This weekend I started doing some in-depth research on a cold plate design that I want to build. My goal is to take advantage of shore power while at port. I found good info both on this site and the Rparts site (which is a water cooled design :( ).

I plan to make mine 120 VAC only, air cooled, TEV controlled, and hope to use a holding plate I was given. It is 21" x 12.5" x 4.5" two zone - I plan to use the smaller diameter loop with 1/4" conn on one end and 3/8" on the other. The icebox is about 8 cu ft with 3"+ insulation and I want to use it as a refrigerator, not freezer.

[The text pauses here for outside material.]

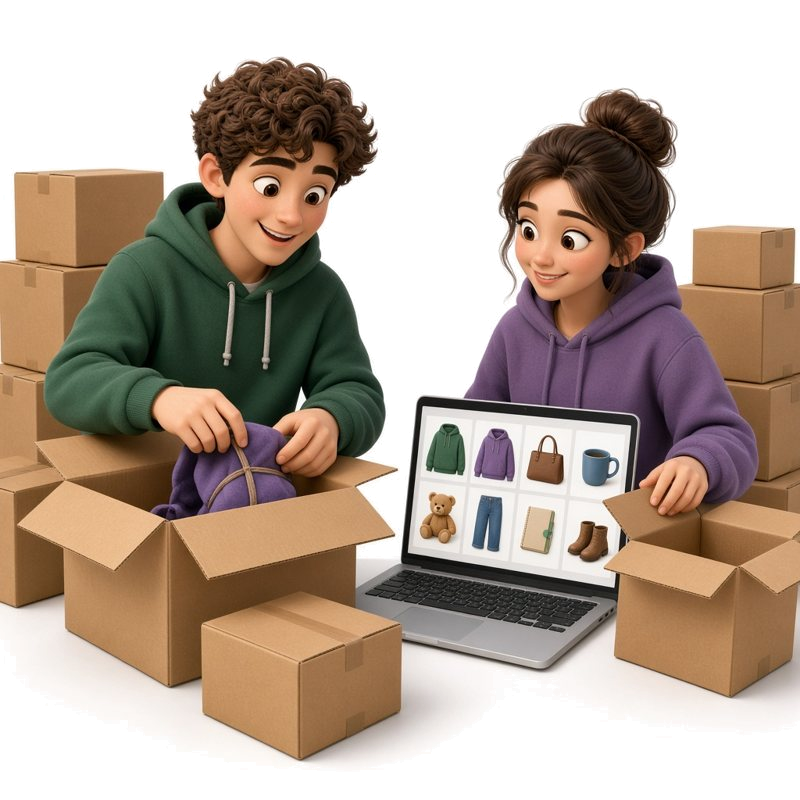 Tvorba e-shopu – kreslená ilustrácia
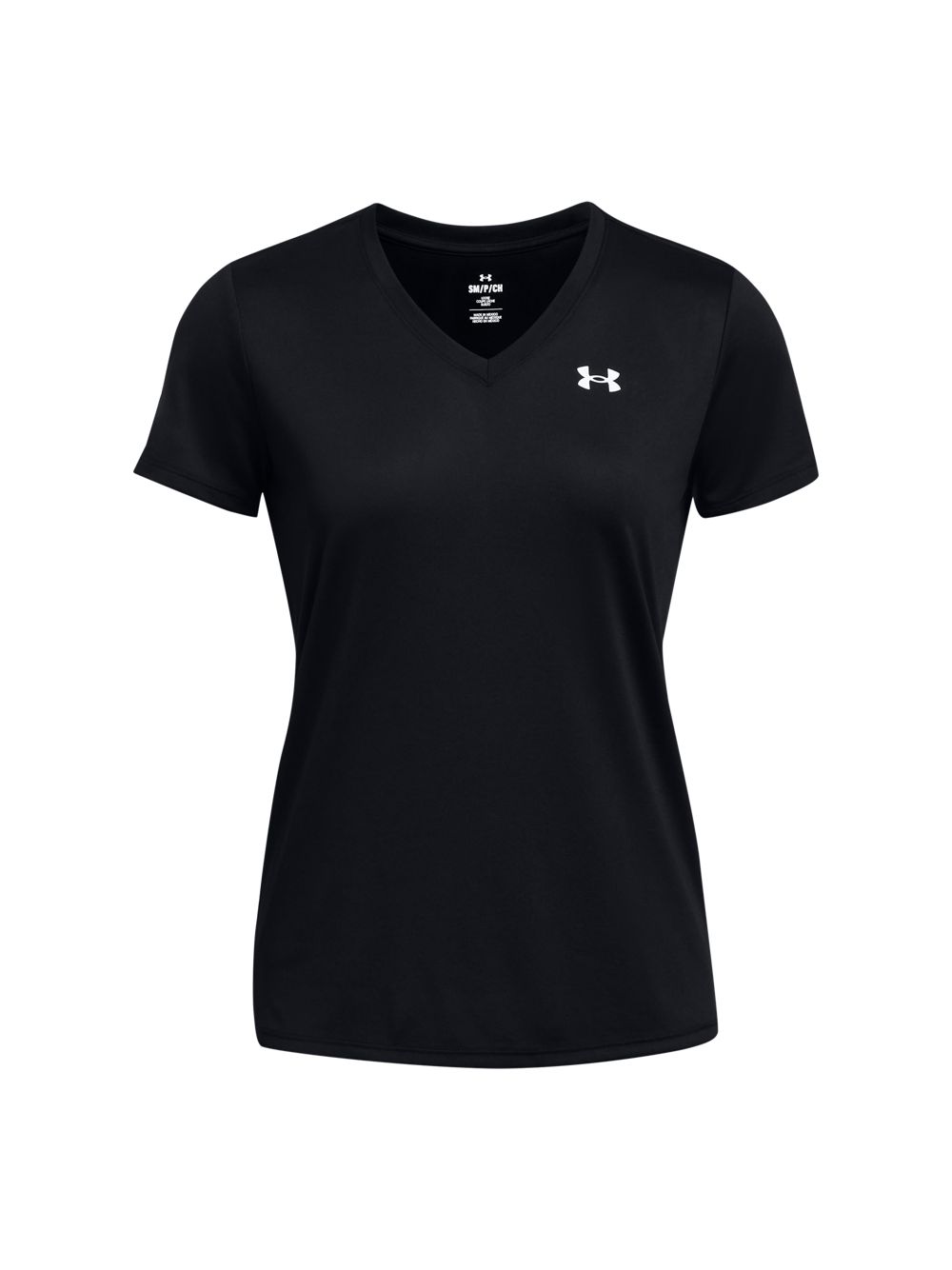 T-shirt Under Armour TECH SSV- SOLID Donna - Nero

4 questions come to mind as I reviewed the Kollmann information vs the  Rparts design:

1) The Rparts design uses 3/8" line on the suction side, whereas the Kollmann design has 1/4" for everything. Is this critical to have one way or the other?

2) I plan to include a receiver in my design, but noticed that the Rparts design does not have one. Do the larger diameter line and the C-032 dryer serve the purpose of storing refrigerant instead?

3) Is a high pressure switch a good idea?

4) Then finally, any suggestions on a house fridge model that would be ideal to scavenge for the compressor and evaporator (edit: Ooops, I meant condenser)? I can find these for a fraction of the cost of the traditional DC compressors, which I am sure are well suited for systems needing DC, but mine will be 120 VAC only so I hope to avoid that cost.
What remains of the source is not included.